I have been talking to him about palliative care, how focusing on reducing symptoms instead of treating his cancer directly can provide him relief. I even share with him the results of studies showing he could potentially live longer with that strategy. But he wants to beat the cancer. He believes what will help him live longer is more chemotherapy — so that is what we discuss. This leaves me in an uncomfortable state: caught between my medical recommendation to pursue less aggressive care and my patient’s primal desire to rid his body of cancer.
Down the hall at our teaching hospital, another patient sits silently, diagnosed with gallbladder cancer that has metastasized into her lymph nodes, liver, lungs and bones. I go over the results of her most recent tests and watch her hand tremble as she jots down notes. She is only 34 years old, but after two rounds of chemotherapy, her youth is steadily leaving her. I have been speaking to her and her husband about palliative care since the diagnosis, but they admit they do not really hear these conversations. All they hear is the loud drumbeat of what the next chemotherapy will be. Struggling to balance the reality of the situation with providing benefit, I gently tell her that, perhaps, palliative care will give her the blessings of peace and time.
Aggressive treatments, such as more chemotherapy, are not going to cure these two patients. Therapy aimed at controlling their symptoms will help them live their remaining days more comfortably. Meanwhile, we still struggle with one of the primary challenges of modern medicine: end-of-life communication.
Many physicians encourage early palliative care for terminally ill patients, to make the process of dying less painful, more cost-effective and patient-focused. But if the patients are not ready, instead of feeling relief, they may experience this advice as abandonment. Without first considering how patients understand their own condition, doctors risk returning to a culture of paternalistic medicine, one where physicians make decisions for the patient in the belief that they know best. Disagreements about treatments between doctors and their patients near the end of life can be devastating. So communication is vital.

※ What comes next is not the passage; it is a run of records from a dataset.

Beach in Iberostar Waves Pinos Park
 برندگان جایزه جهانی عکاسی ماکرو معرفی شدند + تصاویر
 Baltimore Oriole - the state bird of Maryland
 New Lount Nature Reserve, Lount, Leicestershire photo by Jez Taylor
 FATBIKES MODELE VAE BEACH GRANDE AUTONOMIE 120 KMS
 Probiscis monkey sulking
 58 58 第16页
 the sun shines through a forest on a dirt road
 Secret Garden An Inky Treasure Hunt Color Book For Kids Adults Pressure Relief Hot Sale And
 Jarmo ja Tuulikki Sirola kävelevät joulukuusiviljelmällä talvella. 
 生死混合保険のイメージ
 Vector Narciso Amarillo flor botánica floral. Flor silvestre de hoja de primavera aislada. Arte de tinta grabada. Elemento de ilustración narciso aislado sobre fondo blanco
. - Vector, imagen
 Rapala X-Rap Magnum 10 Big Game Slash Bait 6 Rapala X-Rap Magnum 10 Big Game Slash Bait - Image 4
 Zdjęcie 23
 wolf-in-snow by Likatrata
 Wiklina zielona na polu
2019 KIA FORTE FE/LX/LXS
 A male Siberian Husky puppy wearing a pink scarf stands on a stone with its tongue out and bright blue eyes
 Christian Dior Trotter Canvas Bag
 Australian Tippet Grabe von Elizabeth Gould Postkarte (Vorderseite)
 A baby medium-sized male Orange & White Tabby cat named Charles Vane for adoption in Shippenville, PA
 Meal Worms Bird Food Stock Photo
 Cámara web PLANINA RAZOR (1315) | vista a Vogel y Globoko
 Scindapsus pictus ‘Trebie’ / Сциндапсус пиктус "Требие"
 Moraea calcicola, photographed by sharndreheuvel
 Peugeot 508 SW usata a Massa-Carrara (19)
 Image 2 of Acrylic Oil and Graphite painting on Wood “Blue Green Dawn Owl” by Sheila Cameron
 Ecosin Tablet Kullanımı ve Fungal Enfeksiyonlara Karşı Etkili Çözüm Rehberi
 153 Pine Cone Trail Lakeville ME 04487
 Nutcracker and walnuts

As a young oncologist, I confess I am not an expert in balancing aggressive treatment with preserving quality of life. But it is clear to me that end-of-life care is not checklist medicine. It is not just about statistics or studies. Achieving true shared decisions is an interactive process that takes time and engagement, leading to mutual trust. It is about continuously setting honest expectations for what is possible and making sure all parties truly understand what the consequences are likely to be. Sometimes what our patients need most is just more time: time to accept the terminal diagnosis and time to grieve and hopefully to find peace. Part of our guidance involves agreeing on the personalized therapies, be it “aggressive care” or more symptomatic control, that can deliver that meaningful extra month, hour or minute.
My first patient continued to plead that I not give up on him, and I continued treating him until one day he had bleeding in his head. He ended up in the intensive-care unit where he passed away. In the weeks prior, he had thanked me for the extra time he had to spend with family. To the young woman with metastatic gallbladder cancer, I promised I would remain with her and her husband throughout their horrible journey. At the end, her cancer was causing her lungs to quickly fill with fluid; in essence, she was drowning. I sat on her bed thinking of that promise while we talked and she quietly wept as her imminent fate began to sink in. I cannot be sure if she was afforded the blessings of peace or time as she died the next day.
These cases are not unique in medicine. The biggest lesson I have learned is that our role is to support our patients so that they can have the dignity to make these difficult choices and feel empowered to make their own paths, no matter how frightening the decision may be.